DATA FOR THIS EXERCISE Start Marker

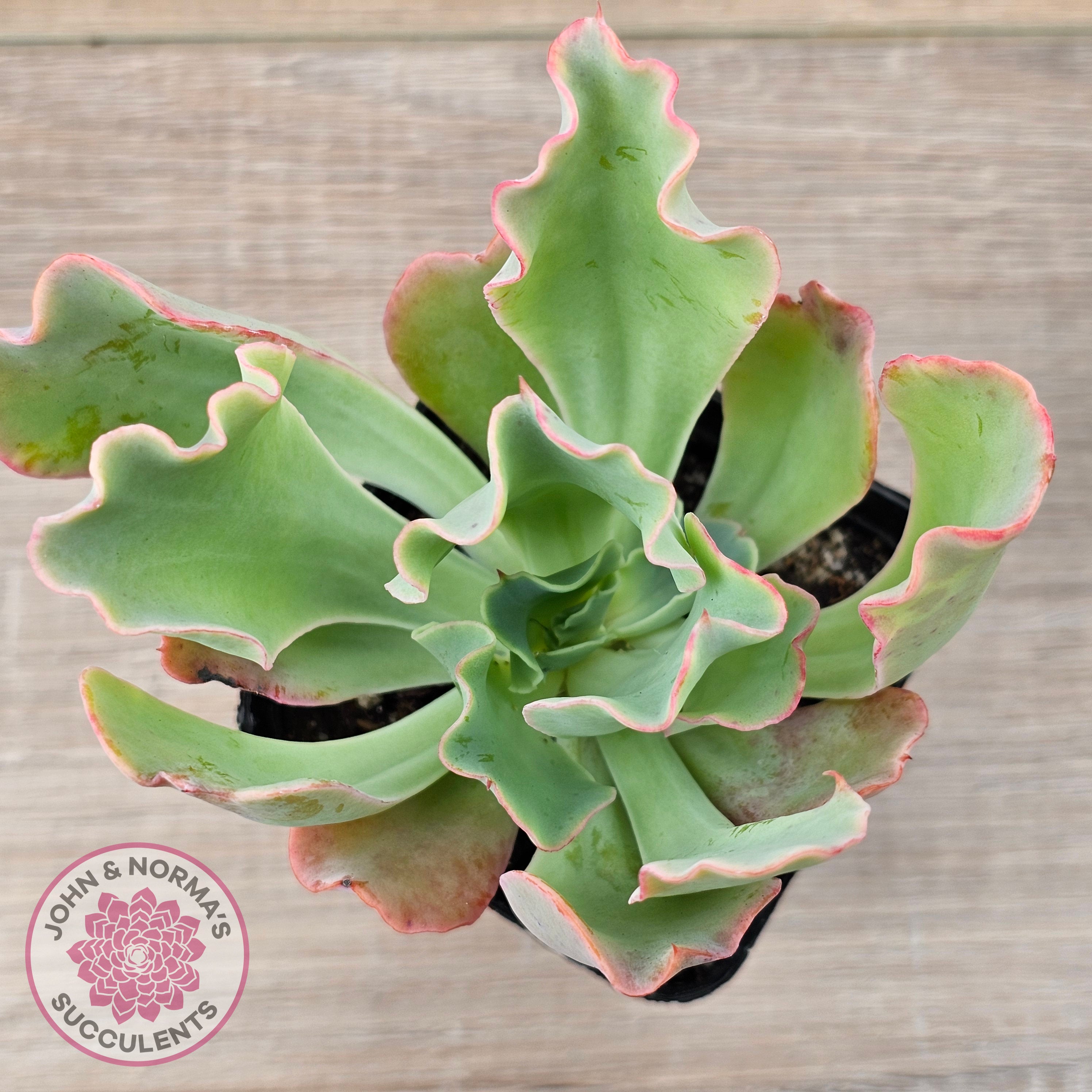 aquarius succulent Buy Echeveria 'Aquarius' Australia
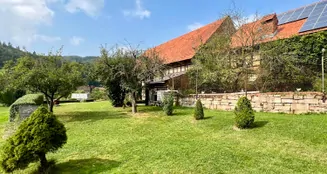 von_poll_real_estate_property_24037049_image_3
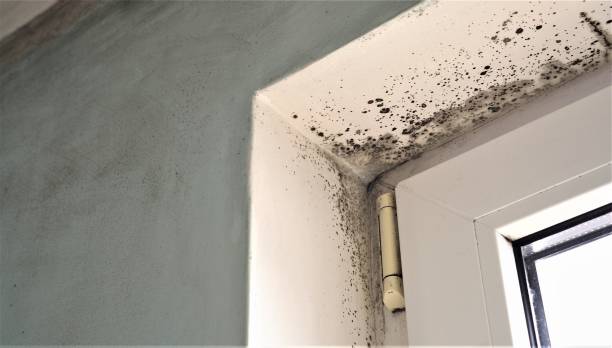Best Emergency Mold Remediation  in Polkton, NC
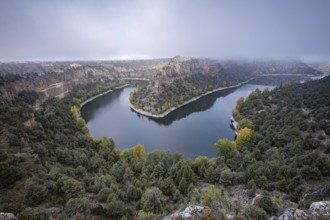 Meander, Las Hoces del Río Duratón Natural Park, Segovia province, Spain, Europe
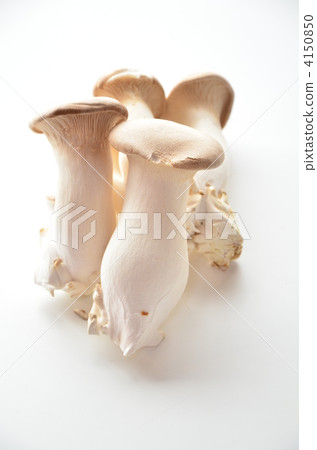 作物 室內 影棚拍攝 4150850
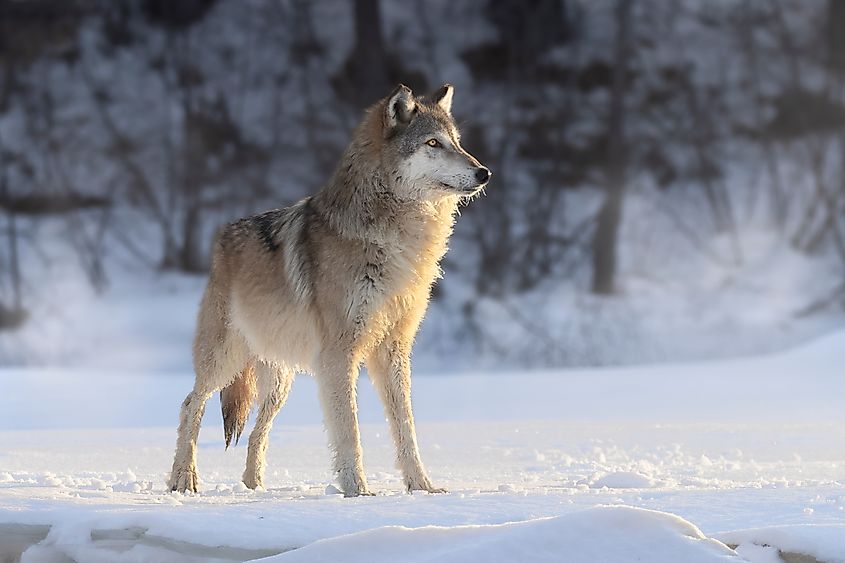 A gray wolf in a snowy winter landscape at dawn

DATA FOR THIS EXERCISE End Marker

All lines from the first in the listing above to the line containing "作物 室內 影棚拍攝 4150850", inclusive, go in the output exactly as they are; no pictures go in.

 aquarius succulent Buy Echeveria 'Aquarius' Australia
 von_poll_real_estate_property_24037049_image_3
Best Emergency Mold Remediation  in Polkton, NC
 Meander, Las Hoces del Río Duratón Natural Park, Segovia province, Spain, Europe
 作物 室內 影棚拍攝 4150850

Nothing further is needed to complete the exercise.